An Indian man was killed after a monkey threw a brick at him, smashing his skull and killing him.
Local police confirmed that 30-year-old Mohammad Kurbaan was killed after being hit in the head with the falling brick in Central Delhi’s Nabi Karim area. Kurbaan, who sold bags from a shop in the area, collapsed after being hit with the brick and was taken to hospital, where doctors pronounced him dead.
This is exactly how Planet of the Apes started.

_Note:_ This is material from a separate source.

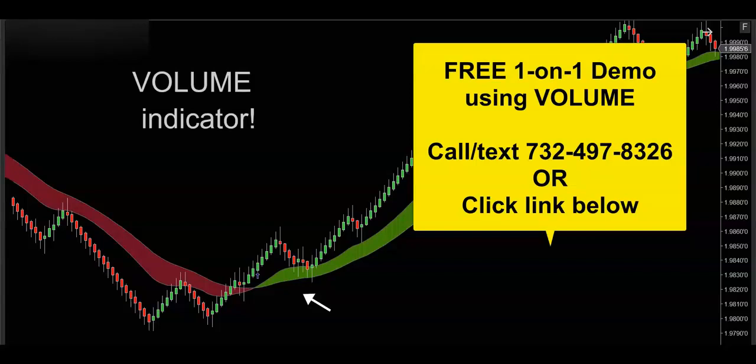I'd be happy to hook you up with a free one-on-one demo and really show you how this volume indicator is going to supercharge your trading. Thanks for watching, and I'll see you on the next trade.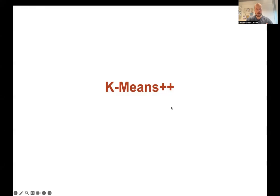Hi, and welcome to this final video on cluster analysis. In this video, which is rather short, we just introduce the k-means++ algorithm as an alternative or improvement to Lloyd's algorithm that we covered in the previous video.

While investigating, police discovered that the owner of the building the bricks were thrown from had left two bricks above a water tank to prevent monkeys from opening it. Police said that a group of monkeys had managed to remove both of the bricks, throwing one at Kurbaan and hurling another onto a nearby terrace.
Indian should implement a hardhat mandate. Maybe it’s my white privilege talking, but why would anyone tolerate ravaging, brick-tossing monkeys in their country? It’s almost as bad as hanging on the outside of a train as it moves through the countryside.
An Indian couple decided to Rock the Kasbah inside a Juhapura hotel, but since they didn’t have condoms, the male decided to make sure her lips – and his penis – were sealed.
According to The Times of India, 25-year-old Salman Mizra and his fiancé checked into a hotel in Juhapura on June 22nd. Both were addicted to drugs, police said.
Just a couple of drug addicts banging the gong. What could possibly go wrong?
“Since they did not have any protection, they decided to apply the adhesive on his private parts to ensure that she does not get pregnant,” a police officer said. “They were carrying the adhesive as they occasionally used it with whitener to inhale the mixture for a kick.”
If I can elaborate, Mirza decided to glue his, well, dick-hole shut so he wouldn’t knock up his drug-addled fiancé. For those of you who did not go to medical school, that’s a really stupid idea.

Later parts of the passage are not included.